Wir mich ma interesieren weil hier immer von wirklich sehr sehr glaub ich auf jedenfal Übertriebenen zahlen geredet wird ?


----------



## noob-rider (18. Oktober 2006)

also noway von hansjörg rey ist eig nen guter anfang als lenrlektüre, 
obwohl ich sagen muss dass seine tipps eher auf seine etwas andere geometrie bezogen sind, 
mit ner dirtschlampe sind die tipps im buch gut nachzuahmen
mit nem 26" trialbike net mehr so ganz finde ich 
daher sweet spot finden, arme gebeugt lassen und den sprung aus den beinen machen


----------



## ecols (18. Oktober 2006)

AmericanChesser schrieb:


> Das es hier grade so nen schönen Tread gibt, wie lange habt ihr so gebraucht bis ihr so aufm HR Stehen und nach vorn springen konntet ?
> Wir mich ma interesieren weil hier immer von wirklich sehr sehr glaub ich auf jedenfal Übertriebenen zahlen geredet wird ?



2 Monate, jeden Tag (wirklich) 3 Stunden üben.. Konnte zwar schon bissl nach hinten hüpfen (ohne Pedal etwa 3-5 Hüpfer) war aber auch schon 21.. nach den 2 Monaten gingen etwa 40 cm vorwärts.. sicher ist da aber noch gar nix.. und "stehen" kann fast keiner sicher.. das sieht nur in den videos der richtig guten Fahrern so aus, die machen das aber um (z.B. beim Sidehop) richtig viel Schwung mitbehnem zu können..

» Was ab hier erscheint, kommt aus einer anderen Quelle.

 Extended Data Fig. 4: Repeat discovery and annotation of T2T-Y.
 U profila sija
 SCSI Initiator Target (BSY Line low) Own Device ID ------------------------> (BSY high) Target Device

Trial ist keine Luschensportart die jeder einfach so machen kann.. da gehört Motivation, Wille, Ausdauer und Frustrationsfähigkeit dazu. 
Über nen Dreckhügel schreddern kann jeder..


----------



## Eisbein (18. Oktober 2006)

also ich konnte stehen (mit hüpfern) nach nem halben jahr so ungefähr. Aber solangsam werden es immer weniger hüpfer.


----------



## trialelmi (18. Oktober 2006)

AmericanChesser schrieb:


> Das es hier grade so nen schönen Tread gibt, wie lange habt ihr so gebraucht bis ihr so aufm HR Stehen und nach vorn springen konntet ?
> Wir mich ma interesieren weil hier immer von wirklich sehr sehr glaub ich auf jedenfal Übertriebenen zahlen geredet wird ?

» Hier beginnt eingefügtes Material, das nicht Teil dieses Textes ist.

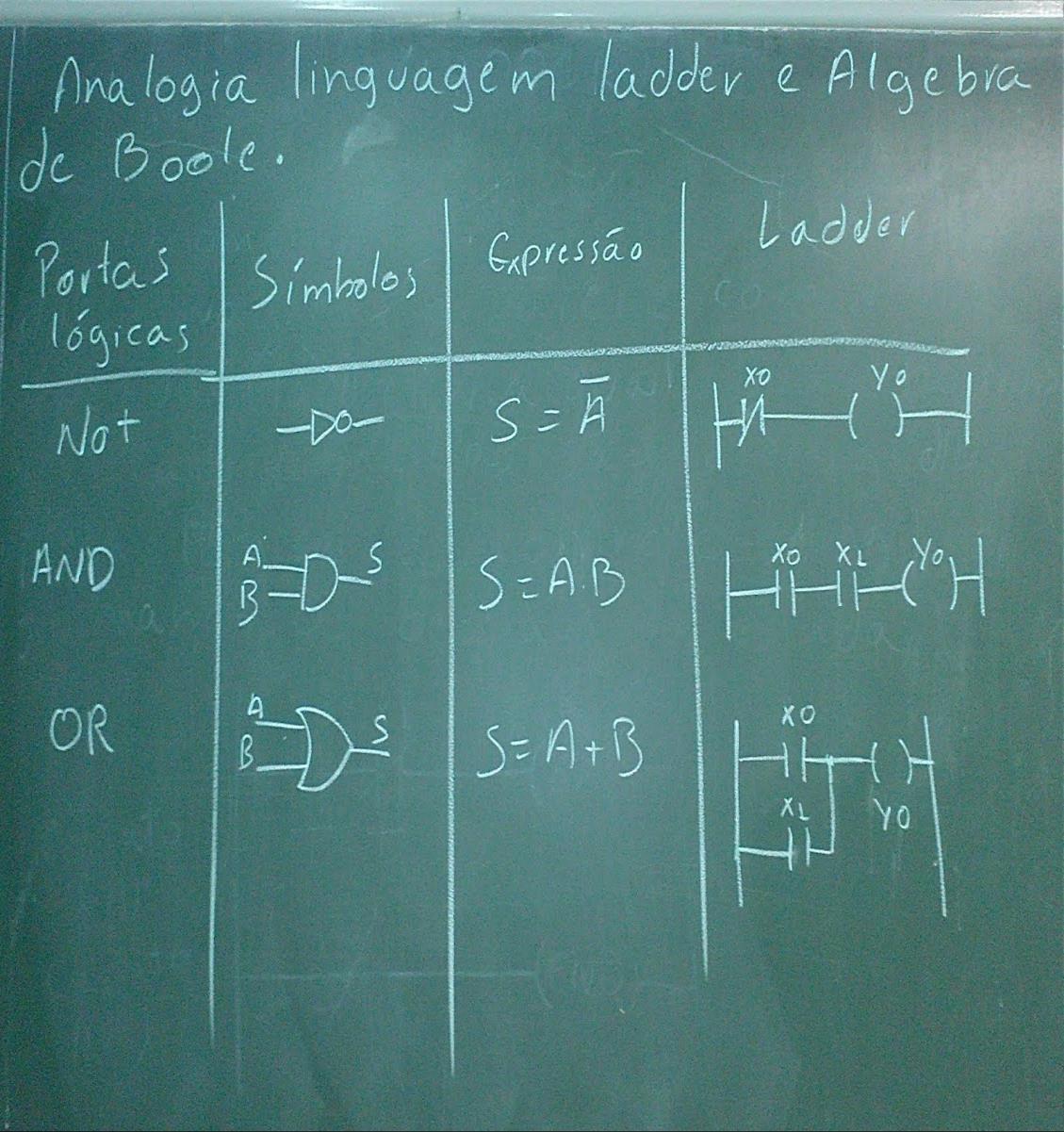 Intrução END Todo programa ladder, deve ter uma instrução END, indicando seu final.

da ich nur wettbewerbe gefahren bin hab ich das sicher 4, 5 jahre nicht gebraucht man muss so viel anderes lernen dabei. das hinterradhüpfen wurde erst ab roter spur gebraucht heute  3jahre später sieht es aberders aus. da wirds ab grün gebraucht 

kommt halt drauf an was DU machen willst Eisdielenfahrer brauchen das natürlich am anfang *ggg*


----------



## Katze (18. Oktober 2006)

Hallo Leute.

Ich bin mir sicher, ich bin auf dem richtigen Weg. In ein paar Wochen kann ichs. Wetten!? Heute habe ich eineinhalb Stunden den Lenker hochgerissen. Verflucht, war das anstrengend! Am einfachsten (Balance) ging es folgendermaßen: *langsam rollen und in die pedale treten, daß die kette gespannt ist; dann vorderbremse ziehen, daß das hinterrad etwas hochgeht; in dem moment, wenn das hinterrad den boden wieder berühert, hinterradbremse ziehen und ruckartig den körper nach hinten werfen und am lenker reißen; beim stehen den körper schön lang und groß machen.* das ging heute am leichtesten...
am besten läuft die übung (meiner anfänger-meinung nach), wenn man nach hinten über kippt und sich anfangs noch mit dem nicht-schokoladenfuß abfängt.


----------



## AmericanChesser (18. Oktober 2006)

Katze schrieb:


> Hallo Leute.
> 
> Ich bin mir sicher, ich bin auf dem richtigen Weg. In ein paar Wochen kann ichs. Wetten!? Heute habe ich eineinhalb Stunden den Lenker hochgerissen. Verflucht, war das anstrengend! Am einfachsten (Balance) ging es folgendermaßen: *langsam rollen und in die pedale treten, daß die kette gespannt ist; dann vorderbremse ziehen, daß das hinterrad etwas hochgeht; in dem moment, wenn das hinterrad den boden wieder berühert, hinterradbremse ziehen und ruckartig den körper nach hinten werfen und am lenker reißen; beim stehen den körper schön lang und groß machen.* das ging heute am leichtesten...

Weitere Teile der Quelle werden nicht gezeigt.